E-health in Africa involves a lot of moving pieces. How can Africa maintain this momentum? Buy-in from the public and private sectors, vigorous training and infrastructure development are important parts of the equation. Stakeholders will need to call on governments to form national eHealth bodies to guide policy and strategy, data security, legal and ethical issues, as well as funding, monitoring and evaluations.
In Uganda, the government has unveiled a national e-health policy that recognizes the potential of information and communication technology (ICT) in healthcare delivery. The government has engaged stakeholders to ensure an informed national e-health policy based on international best practice.
In Nigeria, the government has been using e-health technology to help it fight the pandemic. Through the help of e-Health Africa, the government has set up a system that alerts patients who take a test for the virus with an automated text message with the results and has used the platform for contact tracing. This system helps deal with the pressure on an already stressed healthcare system.
A successful digital healthcare system will rely on adequately trained providers. Upskilling local healthcare workforce is thus a major requirement and the private sector has its part to play.

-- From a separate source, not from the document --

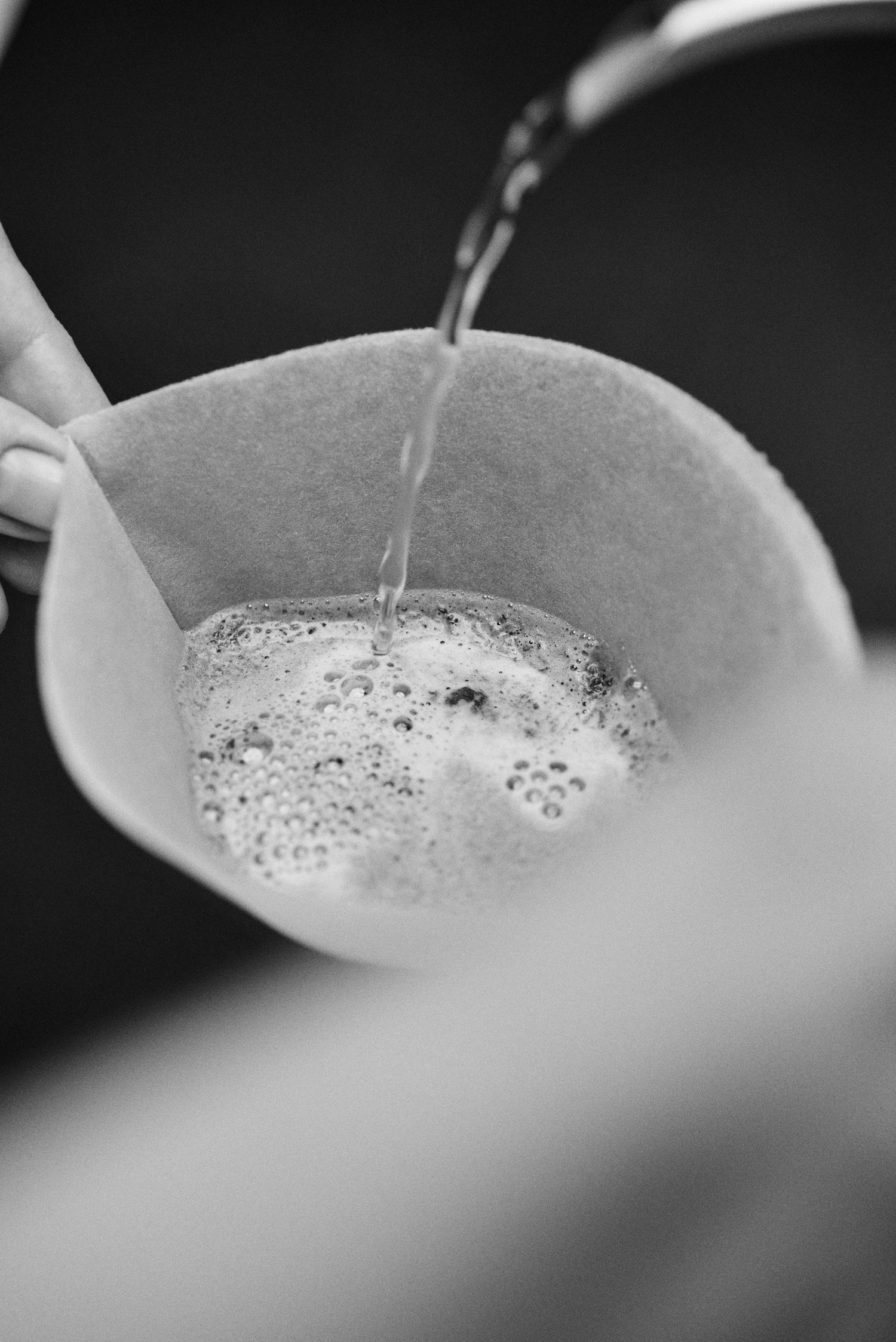 Papierfilter für Filterkaffee mit Wasseraufguss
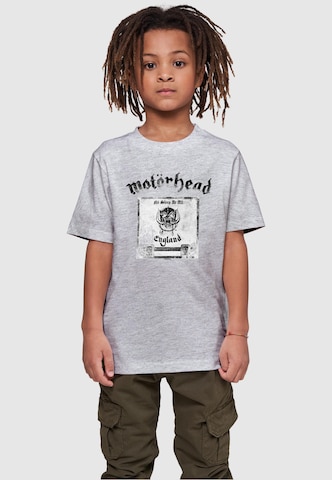 Merchcode Shirt 'Motorhead - No Sleep At All' in Grey: front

E-health in Africa involves a lot of moving pieces. But if the pandemic has taught us something, it’s that Africa is fertile with innovation.
Chatbots using artificial intelligence (AI) have enabled Nigerians to self-diagnose, South Africa has revolutionised AI-powered call centres, and Uganda has invested in telemedicine applications.
There is an opportunity for Africa to transform its healthcare, and mobile technologies will be a big driver to achieving the aim of Universal Health Care 2030.